As my style grows and evolves, I notice a mandala-like theme emerging within my work. Actually, the blueprint for this particular piece came to me upon receiving a wave of inspiration as I was looking at Tibetan Buddhist Mandalas.
To me, this mandala represents the sacred journey of the soul. It represents the journey of incarnation, with its trials and tribulations, with its alchemy and growth. It depicts the support that we are met with both physically and non-physically, as we carry out the assignments that are seeded within us from beyond the veil. This piece also shows the multi-layered realities that we inhabit.
I don’t know about you all, but my whole life I have always felt like I have had one foot in this world, and one foot in a world beyond.
Several years ago, I sat with a very gifted medium, and one of the things he told me I will never forget:
‘You are just barely hanging onto this physical world by a shoestring, mate!’ (He was British ha).
This made me laugh in the moment, but man did it hit me after I processed what he said.
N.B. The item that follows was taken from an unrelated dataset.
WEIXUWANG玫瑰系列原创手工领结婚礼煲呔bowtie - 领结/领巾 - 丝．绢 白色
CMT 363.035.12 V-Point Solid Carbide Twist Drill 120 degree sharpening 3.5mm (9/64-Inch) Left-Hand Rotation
It definitely explained why I’d had such a hard time operating here (those that know me personally know it hasn’t been an easy ride haha). It also explained an element of my creative streak, and why I am the way I am. A blessing and curse I suppose lol. I am realizing now, that I feel more “here” the more I can bring an essence from these worlds here with me.
I have always intuitively felt like a part of my niche is to be a bridge between this world and the next, and in my own personal path that’s what art has been for me – a bridge into a vibrant light-filled dreamy world that I feel deeply connected with. It sparks a memory. A memory of something that feels like Home. This feeling of familiarity inspires me to keep creating, because I remember more of who I am the more that I create.
The deeper I go into my work, the more I find an ancient shamanic essence wanting to be brought forth.